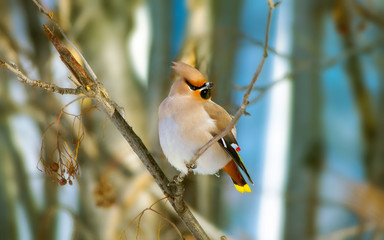 Waxwings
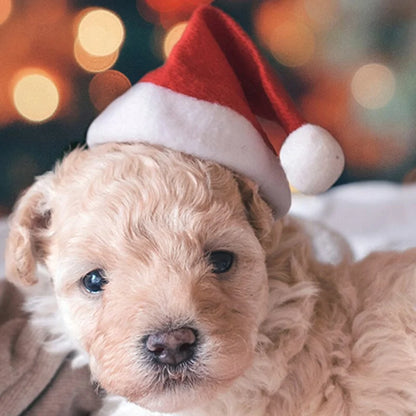 Gorro Navideño de Papá Noel Para Perro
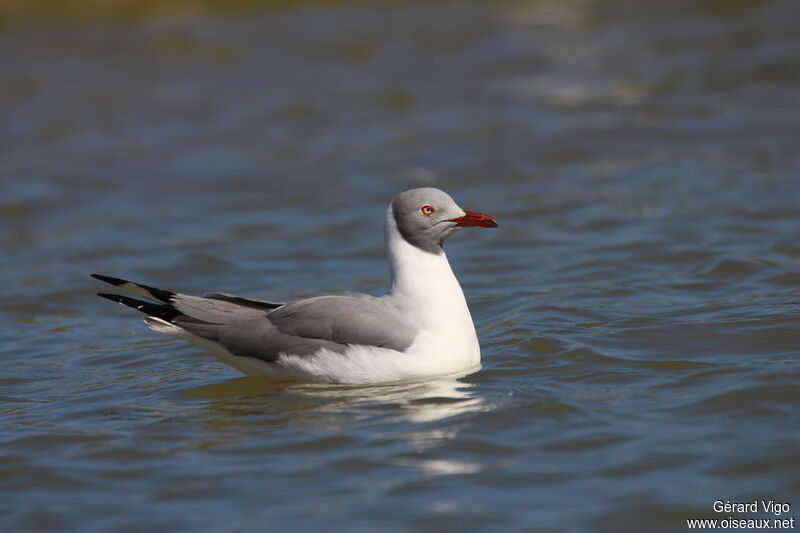 Mouette à tête griseadulte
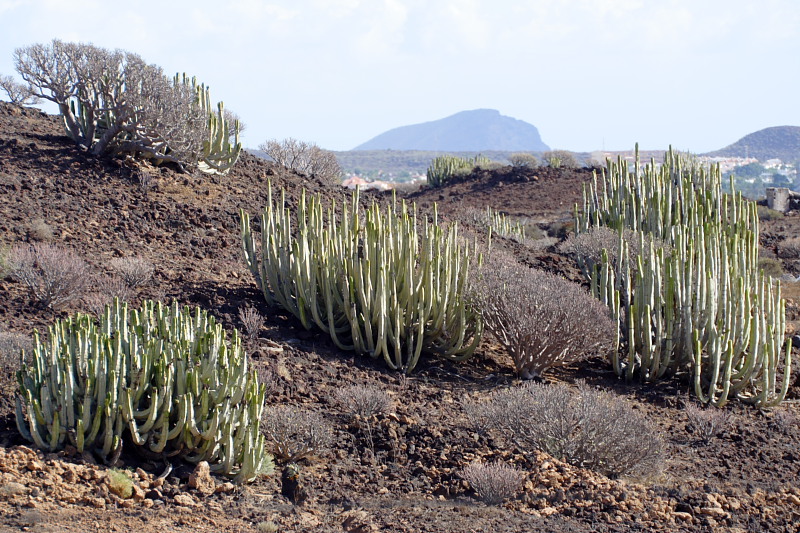Lokation: Spanien | Canarias | Las Galletas | La Estrella Kategorien: Datum: 25.11.2007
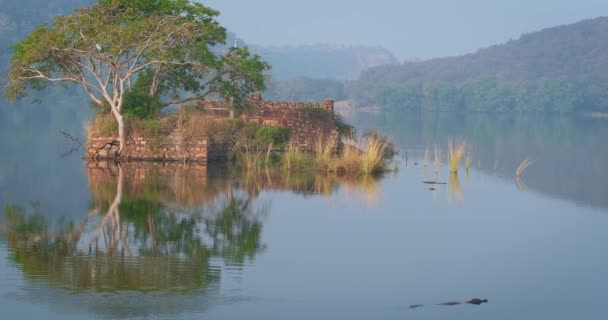 Serena Mattinata Sul Lago Padma Talao Uccelli Che Volano Coccodrilli — Video Stock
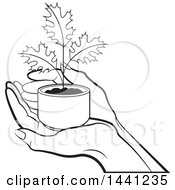 Poster, Art Print Of Black And White Hand Holding A Seedling Maple Plant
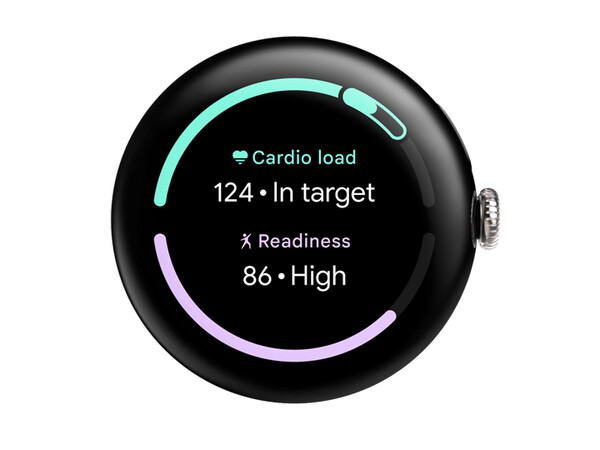 Cardiobelasting en doelbelastingmetingen zullen beschikbaar zijn als complicaties op de Pixel Watch en Pixel Watch 2. (Afbeeldingsbron: Google)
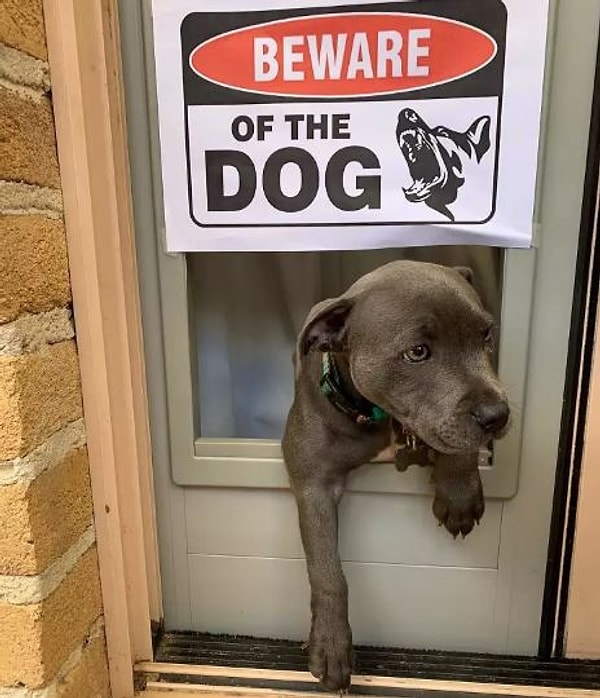 17. Мимиметр зашкаливает =)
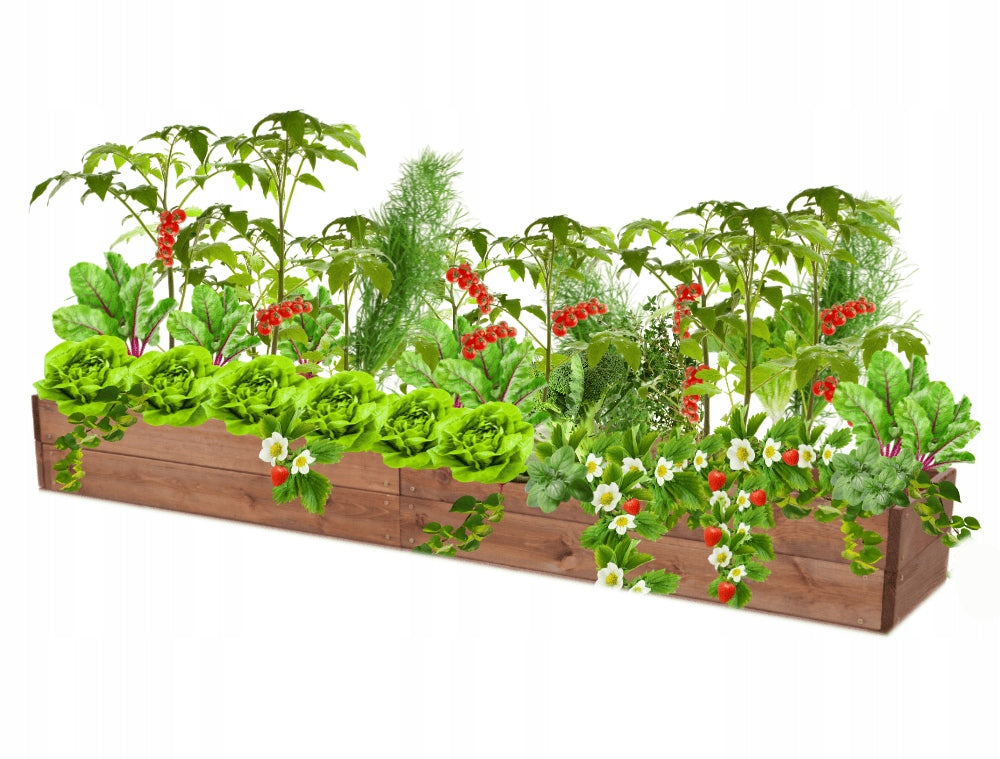 Bed raised chest for grocery store inspectorate impregnation 18x200x30 Packaging status original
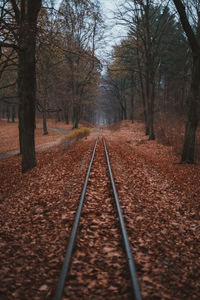 Surface level of railroad track amidst trees in forest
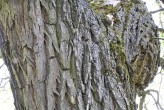 Salix fragilis (Brittle willow) - coarsely netlike cracked bork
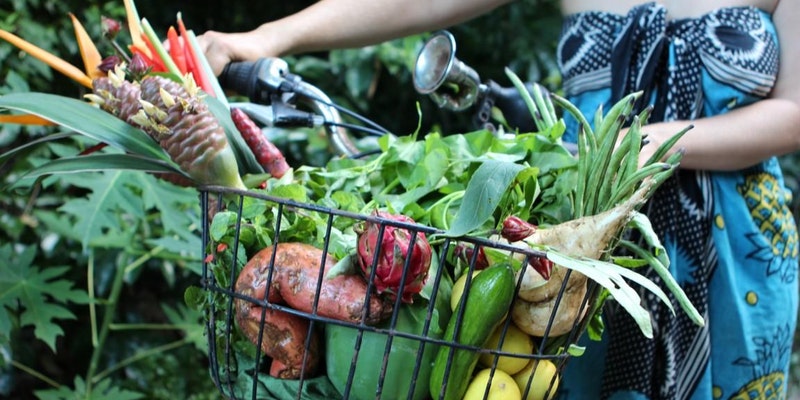 rapid-creek-markets-darwin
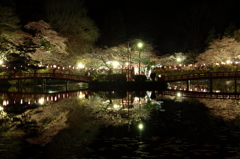 桜池Ⅲ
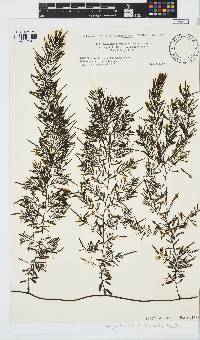 Sargassum horneri image
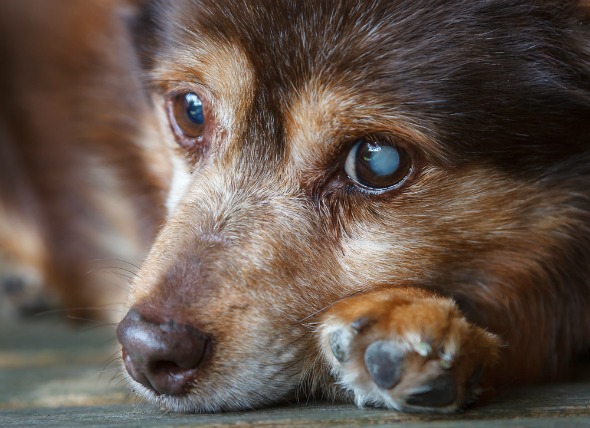 動物看護師執筆 犬の白内障は目薬で治る 症状 原因 予防法の完全ガイド ペットの病気 お薬手帳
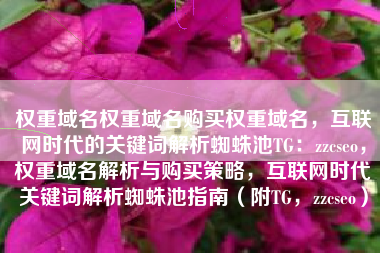 权重域名权重域名购买权重域名，互联网时代的关键词解析蜘蛛池TG：zzcseo，权重域名解析与购买策略，互联网时代关键词解析蜘蛛池指南（附TG，zzcseo）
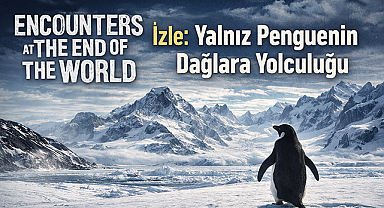 Encounters at the End of the World İzle: Yalnız Penguenin Dağlara Yolculuğu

____

* [Assigned task]: All lines from the one bearing "rapid-creek-markets-darwin" through the last line of the records, and only those, should be duplicated exactly; no picture belongs in the copy.

* [The answer]:
 rapid-creek-markets-darwin
 桜池Ⅲ
 Sargassum horneri image
 動物看護師執筆 犬の白内障は目薬で治る 症状 原因 予防法の完全ガイド ペットの病気 お薬手帳
 权重域名权重域名购买权重域名，互联网时代的关键词解析蜘蛛池TG：zzcseo，权重域名解析与购买策略，互联网时代关键词解析蜘蛛池指南（附TG，zzcseo）
 Encounters at the End of the World İzle: Yalnız Penguenin Dağlara Yolculuğu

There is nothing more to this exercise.